Losing Alice is an Israeli psychological thriller television series created, written, and directed by Sigal Avin for the Israeli channel Hot 3. The series follows a 48-year-old film director, Alice, whose career has slowed down while raising her three daughters, until she meets a young screenwriter, Sophie, with whom she quickly becomes obsessed. The series premiered in Israel on June 18, 2020 on Hot 3. It premiered internationally on January 22, 2021 on Apple TV+.

==Plot==
The series follows Alice Ginor (Ayelet Zurer), a 48-year-old esteemed filmmaker who feels stuck professionally, old externally, no longer relevant and tired in the face of the endless energy of her three daughters, whom she raises together with David (Gal Toren), a successful and coveted actor. One day, in a chance meeting on the train, Alice meets Sophie (Lihi Kornowski), a promising young femme fatale screenwriter in her 20s, who introduces herself as a fan of Alice and dreams that Alice will direct the script she wrote. Sophie's talent, youth and erupting sexuality arouse Alice, who develops an obsession with her and puts her into her professional, family and sexual life.
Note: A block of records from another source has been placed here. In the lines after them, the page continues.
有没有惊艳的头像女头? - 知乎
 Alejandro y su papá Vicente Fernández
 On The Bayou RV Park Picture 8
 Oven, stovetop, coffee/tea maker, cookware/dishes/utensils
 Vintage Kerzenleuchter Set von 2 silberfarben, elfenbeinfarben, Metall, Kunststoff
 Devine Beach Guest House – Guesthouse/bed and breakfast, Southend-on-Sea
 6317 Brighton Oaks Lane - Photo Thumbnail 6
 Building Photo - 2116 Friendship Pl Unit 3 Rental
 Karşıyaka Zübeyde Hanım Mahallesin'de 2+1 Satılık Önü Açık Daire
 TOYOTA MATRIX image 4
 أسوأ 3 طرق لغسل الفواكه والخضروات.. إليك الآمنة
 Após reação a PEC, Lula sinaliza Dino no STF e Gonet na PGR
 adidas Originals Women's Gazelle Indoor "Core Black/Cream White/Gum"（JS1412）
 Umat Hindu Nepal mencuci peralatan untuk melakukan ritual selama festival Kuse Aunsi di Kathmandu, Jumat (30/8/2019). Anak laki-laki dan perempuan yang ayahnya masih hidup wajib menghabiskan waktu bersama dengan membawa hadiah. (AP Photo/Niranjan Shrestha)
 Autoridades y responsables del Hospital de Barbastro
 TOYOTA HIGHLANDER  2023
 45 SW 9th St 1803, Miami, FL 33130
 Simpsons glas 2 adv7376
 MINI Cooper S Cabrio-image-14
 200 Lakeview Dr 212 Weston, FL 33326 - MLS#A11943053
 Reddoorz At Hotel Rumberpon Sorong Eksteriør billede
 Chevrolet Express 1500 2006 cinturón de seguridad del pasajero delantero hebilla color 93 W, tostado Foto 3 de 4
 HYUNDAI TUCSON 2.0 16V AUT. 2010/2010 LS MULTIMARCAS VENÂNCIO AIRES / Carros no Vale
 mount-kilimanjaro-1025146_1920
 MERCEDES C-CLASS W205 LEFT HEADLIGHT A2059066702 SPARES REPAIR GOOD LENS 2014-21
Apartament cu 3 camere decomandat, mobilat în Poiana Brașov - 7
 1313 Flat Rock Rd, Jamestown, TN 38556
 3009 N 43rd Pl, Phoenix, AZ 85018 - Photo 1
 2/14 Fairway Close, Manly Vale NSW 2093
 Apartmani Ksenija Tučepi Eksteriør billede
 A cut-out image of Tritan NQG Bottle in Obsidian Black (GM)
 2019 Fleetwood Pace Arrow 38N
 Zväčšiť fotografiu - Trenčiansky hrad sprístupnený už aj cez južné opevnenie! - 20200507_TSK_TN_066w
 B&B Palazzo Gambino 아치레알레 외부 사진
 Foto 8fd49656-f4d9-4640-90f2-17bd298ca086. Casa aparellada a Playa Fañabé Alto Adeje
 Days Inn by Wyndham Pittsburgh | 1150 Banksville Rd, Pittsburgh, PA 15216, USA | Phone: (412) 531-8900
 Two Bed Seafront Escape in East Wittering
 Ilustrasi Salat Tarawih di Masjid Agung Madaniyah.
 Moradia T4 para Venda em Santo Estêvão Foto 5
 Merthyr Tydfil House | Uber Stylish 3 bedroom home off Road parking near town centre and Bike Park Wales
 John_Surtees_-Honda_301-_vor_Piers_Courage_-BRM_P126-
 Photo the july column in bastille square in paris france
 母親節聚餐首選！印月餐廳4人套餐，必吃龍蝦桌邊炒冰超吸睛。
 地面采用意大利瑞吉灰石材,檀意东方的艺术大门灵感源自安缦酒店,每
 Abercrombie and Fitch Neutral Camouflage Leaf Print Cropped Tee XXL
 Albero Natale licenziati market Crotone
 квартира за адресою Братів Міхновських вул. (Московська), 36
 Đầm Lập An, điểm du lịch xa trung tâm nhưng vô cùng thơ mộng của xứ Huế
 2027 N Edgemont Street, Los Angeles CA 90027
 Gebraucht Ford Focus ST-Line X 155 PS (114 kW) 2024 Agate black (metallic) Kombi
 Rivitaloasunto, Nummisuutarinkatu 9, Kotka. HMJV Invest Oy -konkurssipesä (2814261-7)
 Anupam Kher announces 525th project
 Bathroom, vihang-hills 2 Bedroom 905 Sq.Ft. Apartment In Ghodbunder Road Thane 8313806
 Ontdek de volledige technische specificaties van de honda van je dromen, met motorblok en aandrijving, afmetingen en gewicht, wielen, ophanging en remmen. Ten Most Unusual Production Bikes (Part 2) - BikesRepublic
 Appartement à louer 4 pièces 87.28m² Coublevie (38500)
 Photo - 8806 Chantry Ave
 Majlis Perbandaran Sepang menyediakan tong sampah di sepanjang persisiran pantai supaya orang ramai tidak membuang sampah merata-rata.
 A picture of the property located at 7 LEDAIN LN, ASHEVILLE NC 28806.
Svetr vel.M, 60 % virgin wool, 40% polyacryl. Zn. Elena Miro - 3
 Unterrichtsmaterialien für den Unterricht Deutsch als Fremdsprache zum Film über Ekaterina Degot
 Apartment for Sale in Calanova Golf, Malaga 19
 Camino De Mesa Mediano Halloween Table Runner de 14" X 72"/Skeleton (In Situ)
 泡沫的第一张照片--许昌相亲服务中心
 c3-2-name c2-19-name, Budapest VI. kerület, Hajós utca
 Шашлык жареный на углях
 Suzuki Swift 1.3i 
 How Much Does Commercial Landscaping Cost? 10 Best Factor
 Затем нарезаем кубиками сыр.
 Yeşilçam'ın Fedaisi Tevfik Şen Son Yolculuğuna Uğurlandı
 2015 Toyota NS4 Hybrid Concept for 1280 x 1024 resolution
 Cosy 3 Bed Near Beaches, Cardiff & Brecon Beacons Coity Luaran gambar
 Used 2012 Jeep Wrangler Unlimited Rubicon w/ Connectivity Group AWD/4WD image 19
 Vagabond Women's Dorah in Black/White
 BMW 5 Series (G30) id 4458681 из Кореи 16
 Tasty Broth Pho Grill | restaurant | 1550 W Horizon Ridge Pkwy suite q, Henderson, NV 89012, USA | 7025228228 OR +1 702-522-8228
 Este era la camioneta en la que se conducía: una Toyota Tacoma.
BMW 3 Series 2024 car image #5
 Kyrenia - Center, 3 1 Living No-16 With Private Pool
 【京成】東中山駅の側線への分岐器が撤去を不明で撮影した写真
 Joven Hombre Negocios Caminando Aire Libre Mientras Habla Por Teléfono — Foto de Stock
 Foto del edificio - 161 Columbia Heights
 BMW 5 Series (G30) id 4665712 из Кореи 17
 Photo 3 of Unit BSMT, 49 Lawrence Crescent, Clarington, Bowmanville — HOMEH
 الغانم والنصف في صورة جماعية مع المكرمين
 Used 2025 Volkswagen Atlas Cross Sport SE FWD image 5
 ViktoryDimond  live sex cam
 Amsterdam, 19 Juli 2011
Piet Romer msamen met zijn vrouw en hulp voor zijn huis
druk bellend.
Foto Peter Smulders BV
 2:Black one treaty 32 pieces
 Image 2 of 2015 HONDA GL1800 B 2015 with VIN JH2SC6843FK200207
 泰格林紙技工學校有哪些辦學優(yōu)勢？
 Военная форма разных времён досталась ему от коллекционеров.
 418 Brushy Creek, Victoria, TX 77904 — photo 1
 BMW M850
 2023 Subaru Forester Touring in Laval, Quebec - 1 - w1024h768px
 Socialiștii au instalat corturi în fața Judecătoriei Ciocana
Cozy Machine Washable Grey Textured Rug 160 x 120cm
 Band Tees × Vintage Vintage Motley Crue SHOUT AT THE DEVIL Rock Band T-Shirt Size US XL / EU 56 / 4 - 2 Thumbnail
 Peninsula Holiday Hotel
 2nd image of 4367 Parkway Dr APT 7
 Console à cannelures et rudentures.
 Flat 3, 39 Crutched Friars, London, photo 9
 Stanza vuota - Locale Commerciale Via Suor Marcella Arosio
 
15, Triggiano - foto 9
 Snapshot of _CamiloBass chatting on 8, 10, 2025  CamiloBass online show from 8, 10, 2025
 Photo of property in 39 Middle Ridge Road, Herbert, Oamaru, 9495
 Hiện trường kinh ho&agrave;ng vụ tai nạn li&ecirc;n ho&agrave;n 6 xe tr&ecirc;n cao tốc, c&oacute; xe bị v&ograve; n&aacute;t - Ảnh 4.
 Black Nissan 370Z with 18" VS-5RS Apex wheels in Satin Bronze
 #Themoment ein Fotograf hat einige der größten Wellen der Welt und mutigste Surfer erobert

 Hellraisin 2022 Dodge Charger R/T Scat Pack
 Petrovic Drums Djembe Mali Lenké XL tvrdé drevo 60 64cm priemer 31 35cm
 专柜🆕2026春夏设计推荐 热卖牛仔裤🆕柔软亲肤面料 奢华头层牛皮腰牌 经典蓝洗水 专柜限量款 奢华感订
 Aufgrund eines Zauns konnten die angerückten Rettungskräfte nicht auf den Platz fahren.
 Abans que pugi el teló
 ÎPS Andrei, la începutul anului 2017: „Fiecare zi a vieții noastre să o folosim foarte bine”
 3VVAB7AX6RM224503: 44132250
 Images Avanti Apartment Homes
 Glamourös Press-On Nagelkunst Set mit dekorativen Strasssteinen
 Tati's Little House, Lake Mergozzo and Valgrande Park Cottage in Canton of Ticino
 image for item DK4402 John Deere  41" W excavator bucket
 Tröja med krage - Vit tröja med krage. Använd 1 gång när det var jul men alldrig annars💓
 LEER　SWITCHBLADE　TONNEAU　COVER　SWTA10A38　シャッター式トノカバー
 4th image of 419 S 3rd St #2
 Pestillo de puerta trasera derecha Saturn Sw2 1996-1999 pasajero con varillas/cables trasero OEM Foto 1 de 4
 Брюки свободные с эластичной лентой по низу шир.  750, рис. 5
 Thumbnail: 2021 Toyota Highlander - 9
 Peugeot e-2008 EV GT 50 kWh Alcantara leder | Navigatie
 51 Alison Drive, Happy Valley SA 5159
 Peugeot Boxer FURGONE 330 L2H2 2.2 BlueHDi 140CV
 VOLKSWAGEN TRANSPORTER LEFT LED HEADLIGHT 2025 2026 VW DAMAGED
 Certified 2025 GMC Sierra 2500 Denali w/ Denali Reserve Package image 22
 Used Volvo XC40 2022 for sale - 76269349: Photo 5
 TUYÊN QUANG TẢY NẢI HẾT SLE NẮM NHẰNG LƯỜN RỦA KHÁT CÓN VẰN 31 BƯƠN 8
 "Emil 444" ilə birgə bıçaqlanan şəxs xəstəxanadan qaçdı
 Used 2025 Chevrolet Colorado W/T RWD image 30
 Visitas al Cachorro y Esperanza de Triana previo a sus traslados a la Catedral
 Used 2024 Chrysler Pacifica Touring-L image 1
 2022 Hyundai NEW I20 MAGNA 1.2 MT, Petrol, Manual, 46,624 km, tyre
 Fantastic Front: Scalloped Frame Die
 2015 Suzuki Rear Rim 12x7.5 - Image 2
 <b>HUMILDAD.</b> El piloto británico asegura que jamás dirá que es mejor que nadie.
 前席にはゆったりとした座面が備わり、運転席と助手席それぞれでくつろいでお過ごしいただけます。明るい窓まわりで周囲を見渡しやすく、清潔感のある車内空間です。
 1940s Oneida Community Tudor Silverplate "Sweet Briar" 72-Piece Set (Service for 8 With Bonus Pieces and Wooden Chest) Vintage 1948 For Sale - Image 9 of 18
In what appears to be a conscious choice, Alice is drawn into Sophie's dark and destructive world, and as the plot progresses and twists it is no longer clear who has penetrated whose life, who takes and who gives, and who will lead whom to the fatal end.

==Cast==
- Ayelet Zurer as Alice
- Lihi Kornowski as Sophie
- Gal Toren as David
- Shai Avivi as Ami
- Chelli Goldenberg as Tami
- Nova Doval as Keren
- Yossi Marshek as Tamir

==Episodes==

| No. | Title | Directed by | Written by | Original release date |
|---|---|---|---|---|
| 1 | "The Encounter" | Sigal Avin | Sigal Avin | June 18, 2020 |
| 2 | "The Visit" | Sigal Avin | Sigal Avin | June 25, 2020 |
| 3 | "The Bond" | Sigal Avin | Sigal Avin | July 2, 2020 |
| 4 | "The Obsession" | Sigal Avin | Sigal Avin | July 9, 2020 |
| 5 | "The Paranoia" | Sigal Avin | Sigal Avin | July 16, 2020 |
| 6 | "The Bad Reader" | Sigal Avin | Sigal Avin | July 23, 2020 |
| 7 | "The Scene" | Sigal Avin | Sigal Avin | July 30, 2020 |
| 8 | "The End" | Sigal Avin | Sigal Avin | August 6, 2020 |

==Production==
Originally airing on Hot 3 in Israel, Apple announced in June 2020, that it had partnered with Dori Media productions and Hot to co-produce and exclusively stream Losing Alice internationally on Apple TV+.

==Reception==
On review aggregator Rotten Tomatoes, Losing Alice holds an approval rating of 78% based on 23 reviews, with an average rating of 7.5/10. The website's critical consensus reads, "Twisty and thrilling, if a tad long, Losing Alice is an engaging psychological drama with style to spare." On Metacritic, which uses a weighted average, it has a score of 75 out of 100 based on 5 reviews, indicating "generally favorable" reviews.